Benign tumors of the duodenum are very rare, with an incidence of 0.008% in a single series of 215,000 autopsies, and those originating from Brunner's glands only account for 11% of these tumors . In the majority of cases, brunneroma - also known as Brunner's gland adenoma - develops into a polypoid mass, usually pedunculated (88%), 1-2 cm of size , while few cases reaching several centimetres as ‘giant brunneroma’ have been reported [5,6]. The majority of cases are asymptomatic. The clinical manifestations include pain, gastrointestinal bleeding, and obstructive symptoms . Endoscopy allows direct visualization of the lesion, biopsy to rule out malignancy, and the procedure is a more cost-effective and less invasive treatment option than abdominal surgery [8,9]. However, the success depends on the site and size of the brunneroma and the presence of a peduncle. Several cases of successful endoscopic resections have been reported [6,10].
The special aspect of our case is the technically difficult but successfull dual transoral endoscopic resection of a giant (6.5 × 4 × 2.4 cm) brunneroma with a 2 × 5.5 cm peduncle extremely close to the pylorus, highlighting the possibilities of endosurgery. Using a second endoscope is not common practice in our department, but in this particular case we prepared a second endoscope beforehand to have technical assistance in case. For security reasons the endoscopic procedure should be performed under general anesthesia in a fully equipped operating room with surgical ‘standby’. With regard to interventional mobility one can say that the use of two transorally inserted gastroscopes does limit the mobility of each endoscope. However, the friction between the two endoscopes can be reduced sufficiently by the sliding effect of silicone spray. Both endoscopists need to get used to this limitation. It must be mentioned that the transoral insertion of two gastroscopes can be considered as safe. In our case no mucosal damage was seen in the oral cavity and the esophagus.

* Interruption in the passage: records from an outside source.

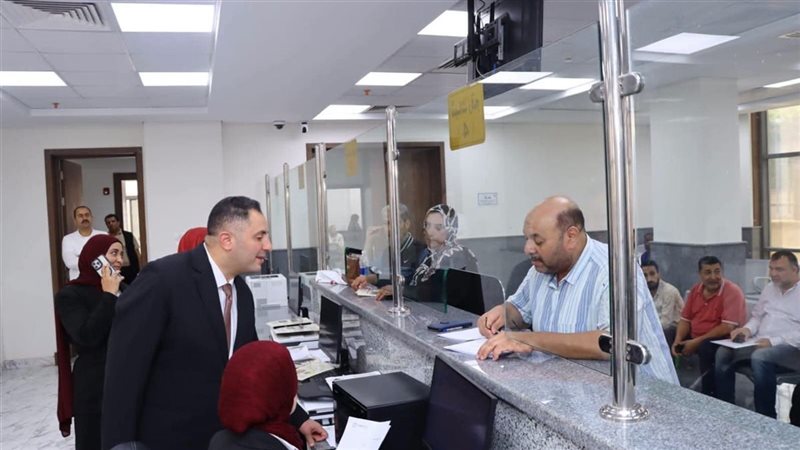 محافظ دمياط يتابع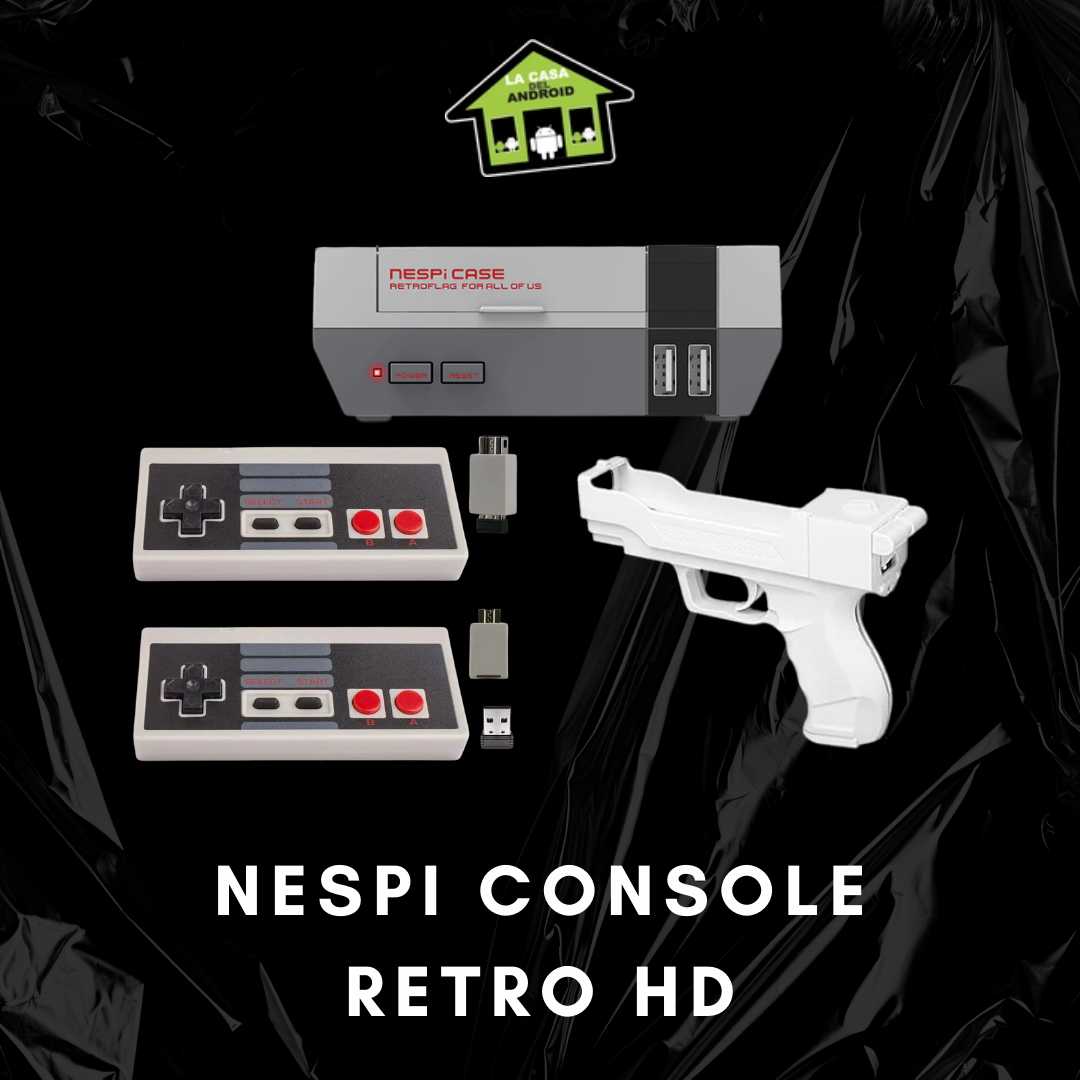 NesPi Console retro HD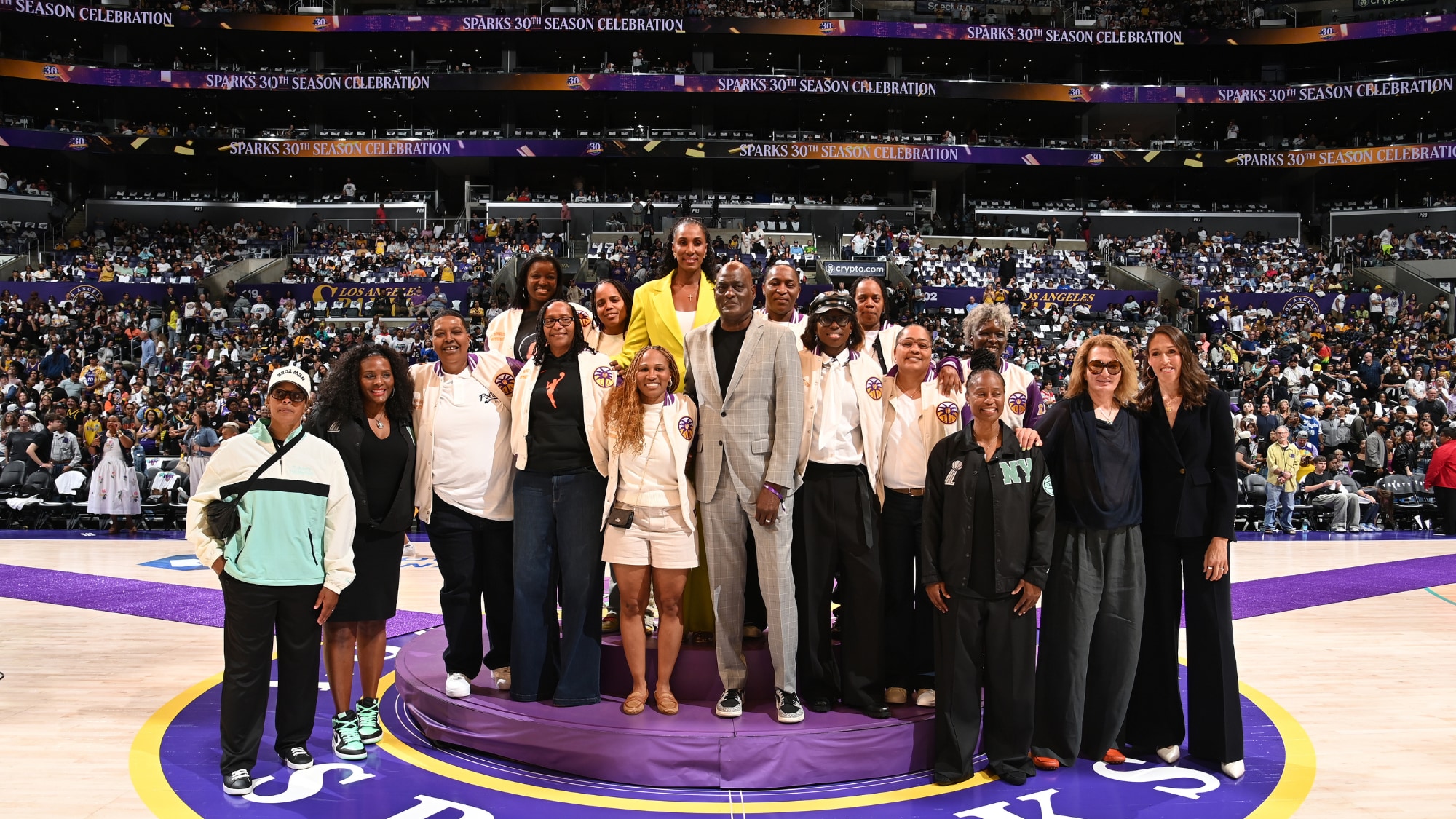 All-Access: WNBA’s 30th Anniversary Game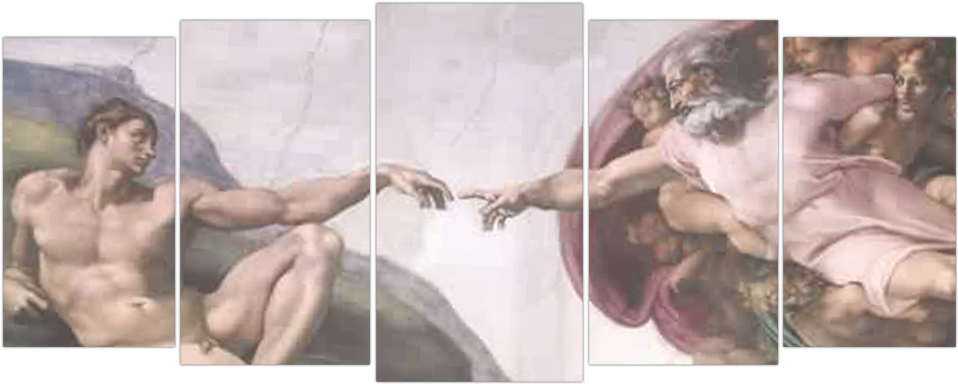 Sistine Chapel (1000x400), Png Download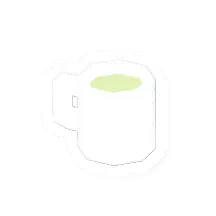 Unturned Cup of Green Tea food icon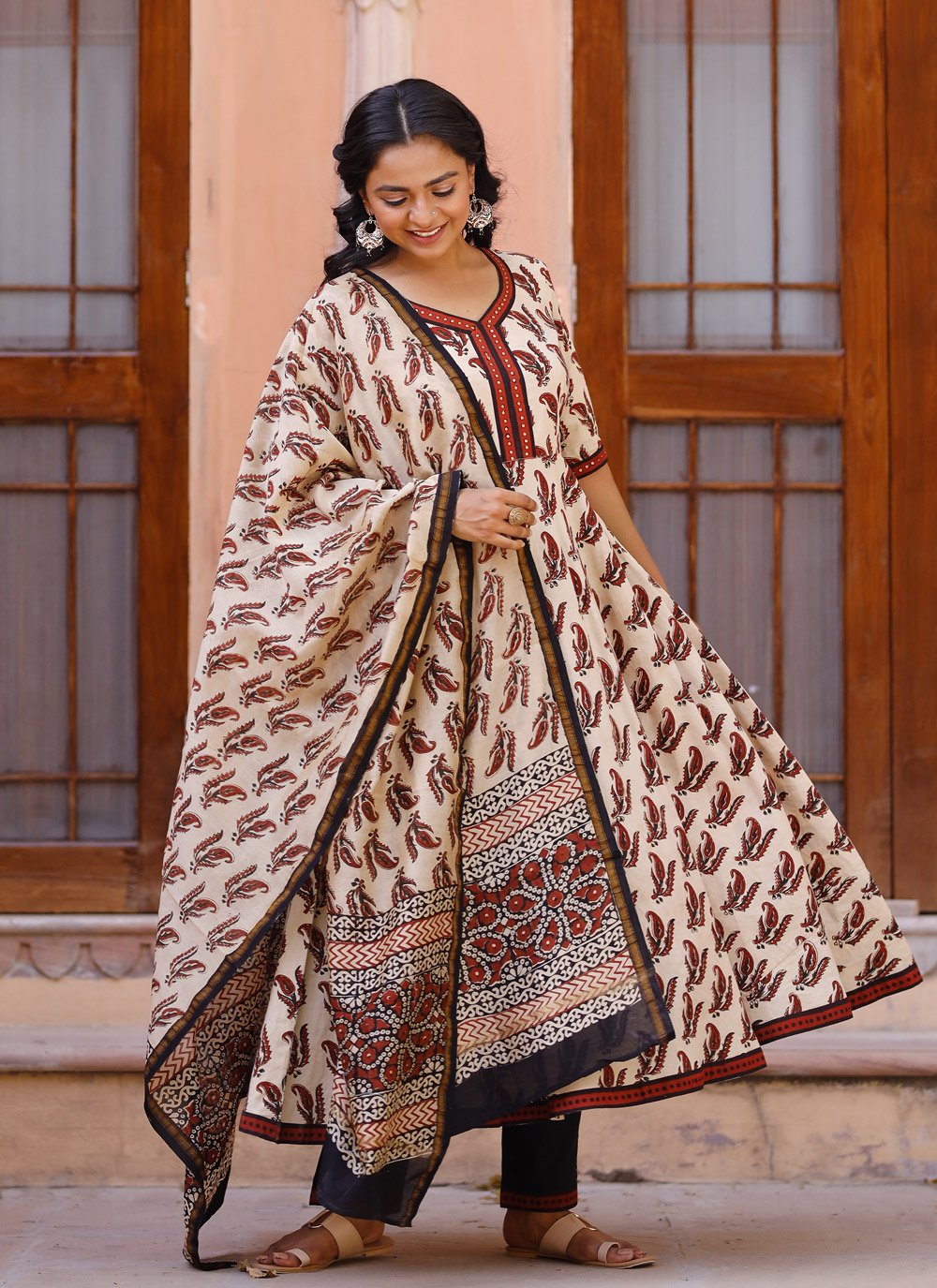 India Attires Cotton Daily Wear Readymade Designer Patiala Suits Machine  wash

As in our case, a large and deep resection base with high risk of delayed perforation shows one of the current technical limits of interventional endoscopy being dependent of laparoscopic suturing. There is a lack of special endoscopic devices. However, there is a fast development in interventional endoscopy/endosurgery looking at the possibilities of NOTESTM (natural orifice translumenal endoscopic surgery). Even though the assistance of the laparoscopic surgeon with suturing the transmural defect was needed after successful endoscopic resection of the giant brunneroma, distal stomach resection with Roux-en-Y reconstruction as an alternative would have caused higher morbidity and costs.